§ Goal of the exercise
Print, exactly as they stand, the lines from the start of the listing to the line containing "Close-up of leaves on rock", inclusive.

§ Data
━━━━━━

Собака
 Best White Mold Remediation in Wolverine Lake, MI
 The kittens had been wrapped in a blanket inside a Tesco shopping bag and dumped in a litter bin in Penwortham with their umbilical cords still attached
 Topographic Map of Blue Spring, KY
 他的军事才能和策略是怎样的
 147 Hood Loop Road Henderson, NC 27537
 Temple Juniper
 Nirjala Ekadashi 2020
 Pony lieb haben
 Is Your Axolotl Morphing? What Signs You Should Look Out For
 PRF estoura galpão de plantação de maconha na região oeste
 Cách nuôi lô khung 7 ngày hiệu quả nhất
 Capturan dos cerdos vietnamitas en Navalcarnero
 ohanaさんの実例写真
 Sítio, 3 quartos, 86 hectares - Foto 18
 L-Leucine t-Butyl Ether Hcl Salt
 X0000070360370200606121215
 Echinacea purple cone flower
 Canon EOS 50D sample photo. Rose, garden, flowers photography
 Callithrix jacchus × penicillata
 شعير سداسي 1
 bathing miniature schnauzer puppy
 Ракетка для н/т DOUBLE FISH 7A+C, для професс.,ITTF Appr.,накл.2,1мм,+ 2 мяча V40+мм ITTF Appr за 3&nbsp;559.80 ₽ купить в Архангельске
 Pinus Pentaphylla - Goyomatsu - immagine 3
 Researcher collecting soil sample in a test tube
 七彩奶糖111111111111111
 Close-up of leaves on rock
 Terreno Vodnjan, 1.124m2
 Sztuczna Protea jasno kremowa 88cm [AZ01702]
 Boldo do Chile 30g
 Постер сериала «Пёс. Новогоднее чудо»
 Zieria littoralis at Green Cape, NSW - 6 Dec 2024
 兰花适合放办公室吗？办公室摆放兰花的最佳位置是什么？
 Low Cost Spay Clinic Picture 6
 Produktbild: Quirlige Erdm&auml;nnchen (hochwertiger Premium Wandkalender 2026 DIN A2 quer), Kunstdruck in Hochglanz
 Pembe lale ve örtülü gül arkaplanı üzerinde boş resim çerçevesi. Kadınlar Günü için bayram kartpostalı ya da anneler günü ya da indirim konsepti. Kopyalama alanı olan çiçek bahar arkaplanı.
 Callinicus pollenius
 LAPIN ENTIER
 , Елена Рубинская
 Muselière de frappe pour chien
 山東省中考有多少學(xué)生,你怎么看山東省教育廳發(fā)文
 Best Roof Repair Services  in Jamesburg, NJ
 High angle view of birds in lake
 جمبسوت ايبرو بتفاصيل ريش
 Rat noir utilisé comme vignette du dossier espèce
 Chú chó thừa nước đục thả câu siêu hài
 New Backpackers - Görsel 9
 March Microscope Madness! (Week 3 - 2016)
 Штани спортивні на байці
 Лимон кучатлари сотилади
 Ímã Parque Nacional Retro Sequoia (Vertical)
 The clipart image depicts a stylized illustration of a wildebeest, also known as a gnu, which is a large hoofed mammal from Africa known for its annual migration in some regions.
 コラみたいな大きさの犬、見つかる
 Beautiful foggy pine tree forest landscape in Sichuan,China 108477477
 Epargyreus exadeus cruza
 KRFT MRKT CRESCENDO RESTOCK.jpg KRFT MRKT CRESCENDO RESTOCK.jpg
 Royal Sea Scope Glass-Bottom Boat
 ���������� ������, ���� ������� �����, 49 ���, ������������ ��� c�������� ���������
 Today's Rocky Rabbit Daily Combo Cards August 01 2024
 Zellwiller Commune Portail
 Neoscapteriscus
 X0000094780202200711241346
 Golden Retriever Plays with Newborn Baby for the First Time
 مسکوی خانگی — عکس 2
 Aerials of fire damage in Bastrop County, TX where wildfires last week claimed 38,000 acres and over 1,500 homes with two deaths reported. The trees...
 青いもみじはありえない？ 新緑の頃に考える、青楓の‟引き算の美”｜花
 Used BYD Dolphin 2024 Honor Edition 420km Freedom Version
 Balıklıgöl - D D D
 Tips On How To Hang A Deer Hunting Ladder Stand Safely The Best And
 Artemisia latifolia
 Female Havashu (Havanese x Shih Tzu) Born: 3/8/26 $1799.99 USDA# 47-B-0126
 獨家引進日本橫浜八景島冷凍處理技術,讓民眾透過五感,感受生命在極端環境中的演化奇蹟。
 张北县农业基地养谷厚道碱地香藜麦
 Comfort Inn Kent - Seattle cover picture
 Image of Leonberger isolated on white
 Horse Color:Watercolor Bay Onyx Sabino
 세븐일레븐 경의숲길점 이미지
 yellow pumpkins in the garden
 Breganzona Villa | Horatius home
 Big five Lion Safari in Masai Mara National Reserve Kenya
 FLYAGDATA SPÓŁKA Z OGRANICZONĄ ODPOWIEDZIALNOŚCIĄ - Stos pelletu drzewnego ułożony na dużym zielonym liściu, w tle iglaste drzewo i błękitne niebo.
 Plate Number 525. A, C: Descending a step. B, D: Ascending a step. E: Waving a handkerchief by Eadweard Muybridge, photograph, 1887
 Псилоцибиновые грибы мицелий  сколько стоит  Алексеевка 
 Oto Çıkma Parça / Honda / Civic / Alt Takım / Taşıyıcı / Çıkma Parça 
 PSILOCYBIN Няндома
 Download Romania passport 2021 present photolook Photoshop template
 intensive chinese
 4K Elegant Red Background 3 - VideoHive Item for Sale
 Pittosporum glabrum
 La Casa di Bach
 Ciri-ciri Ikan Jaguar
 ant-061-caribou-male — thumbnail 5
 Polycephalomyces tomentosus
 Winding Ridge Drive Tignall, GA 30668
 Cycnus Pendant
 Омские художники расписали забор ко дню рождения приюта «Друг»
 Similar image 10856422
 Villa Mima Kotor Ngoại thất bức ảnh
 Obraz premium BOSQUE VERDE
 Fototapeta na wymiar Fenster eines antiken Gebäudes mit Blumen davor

━━━━━━

§ Answer
Собака
 Best White Mold Remediation in Wolverine Lake, MI
 The kittens had been wrapped in a blanket inside a Tesco shopping bag and dumped in a litter bin in Penwortham with their umbilical cords still attached
 Topographic Map of Blue Spring, KY
 他的军事才能和策略是怎样的
 147 Hood Loop Road Henderson, NC 27537
 Temple Juniper
 Nirjala Ekadashi 2020
 Pony lieb haben
 Is Your Axolotl Morphing? What Signs You Should Look Out For
 PRF estoura galpão de plantação de maconha na região oeste
 Cách nuôi lô khung 7 ngày hiệu quả nhất
 Capturan dos cerdos vietnamitas en Navalcarnero
 ohanaさんの実例写真
 Sítio, 3 quartos, 86 hectares - Foto 18
 L-Leucine t-Butyl Ether Hcl Salt
 X0000070360370200606121215
 Echinacea purple cone flower
 Canon EOS 50D sample photo. Rose, garden, flowers photography
 Callithrix jacchus × penicillata
 شعير سداسي 1
 bathing miniature schnauzer puppy
 Ракетка для н/т DOUBLE FISH 7A+C, для професс.,ITTF Appr.,накл.2,1мм,+ 2 мяча V40+мм ITTF Appr за 3&nbsp;559.80 ₽ купить в Архангельске
 Pinus Pentaphylla - Goyomatsu - immagine 3
 Researcher collecting soil sample in a test tube
 七彩奶糖111111111111111
 Close-up of leaves on rock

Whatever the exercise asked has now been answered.